Exercise aim:
Take the line that contains "Resale - Finca" and every line below it to the end of the entries, and give them again exactly, leaving out any pictures.
:::
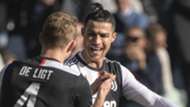 Cristiano Ronaldo Juventus 2019-20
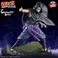 Bandai Naruto Shippuden Combination Battle-Sasuke Uchiha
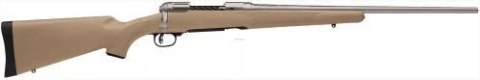 Savage Arms 116 Lightweight Hunter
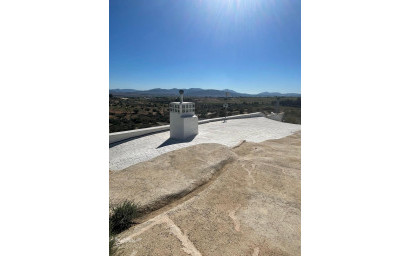 Resale - Finca - Country Property -
Raspay - Raspay Murcia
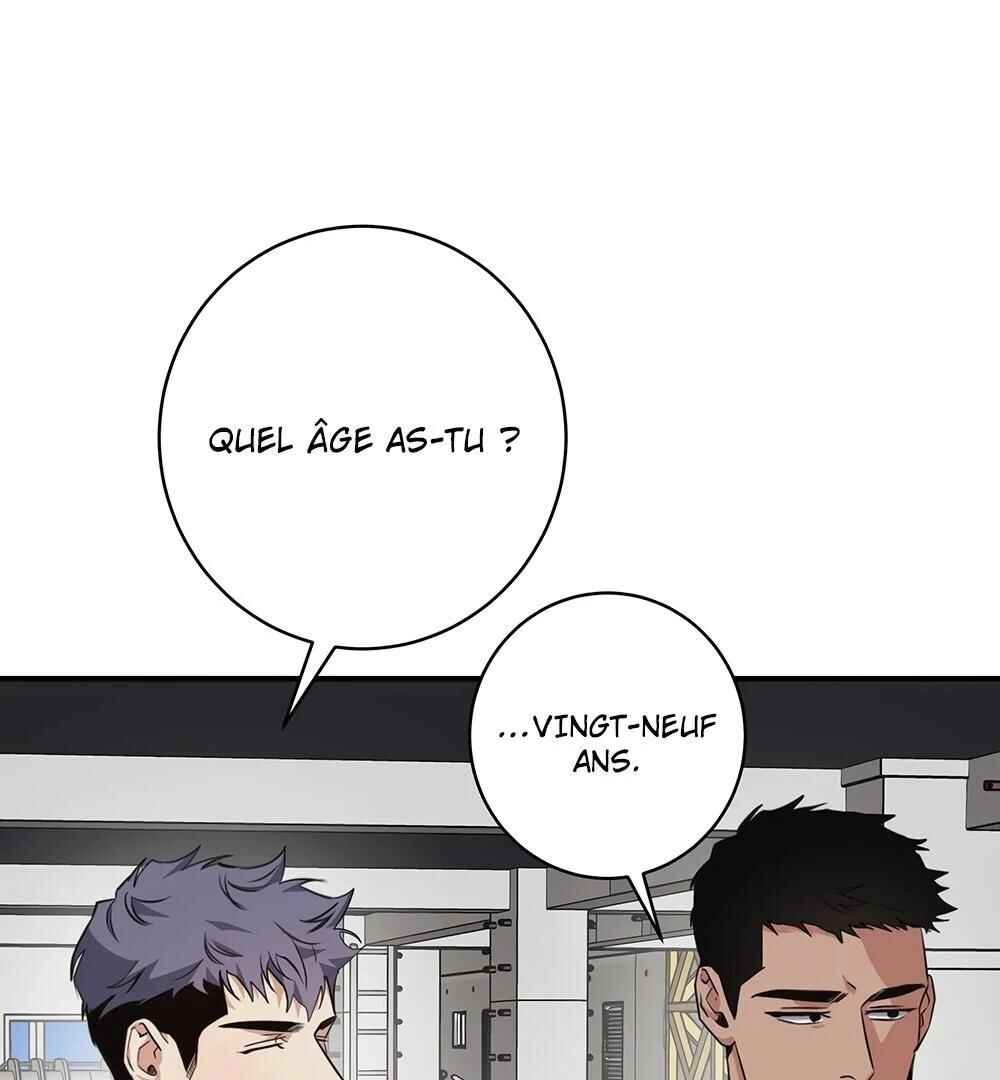 Safety First Chapter 1 - Page 81
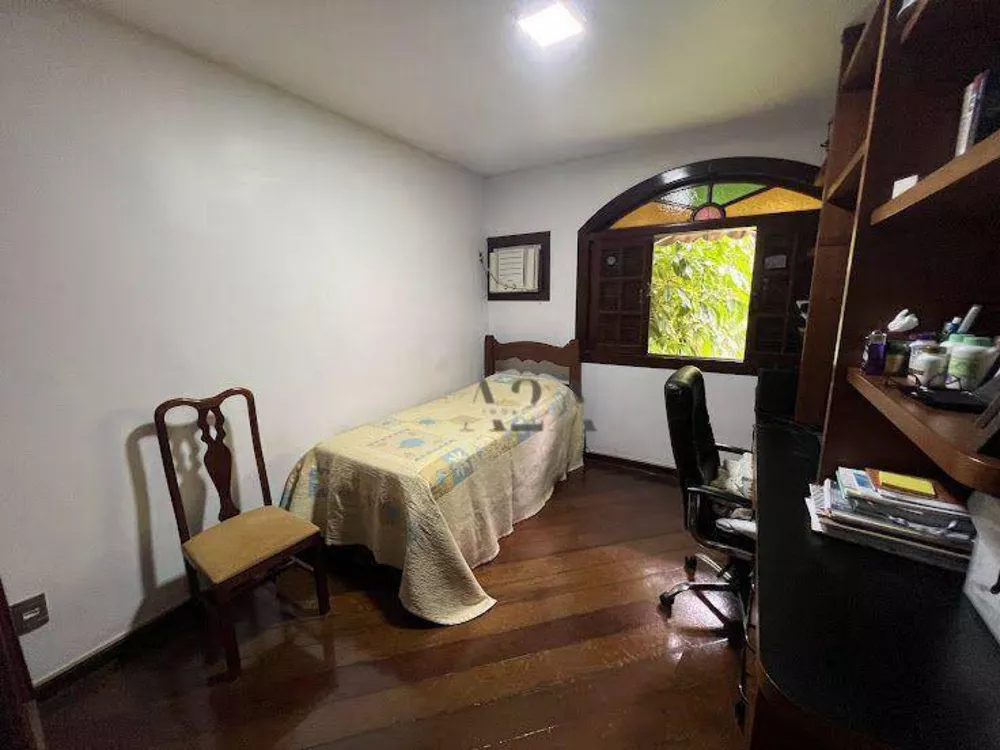 Casa de Condomínio, 4 quartos - Foto 13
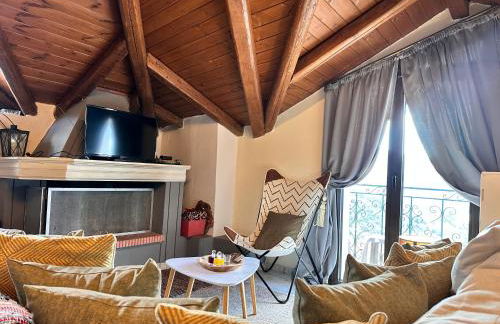 Pandoras House Arachova - Foto 67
:::
Your solution:
 Resale - Finca - Country Property -
Raspay - Raspay Murcia
 Safety First Chapter 1 - Page 81
 Casa de Condomínio, 4 quartos - Foto 13
 Pandoras House Arachova - Foto 67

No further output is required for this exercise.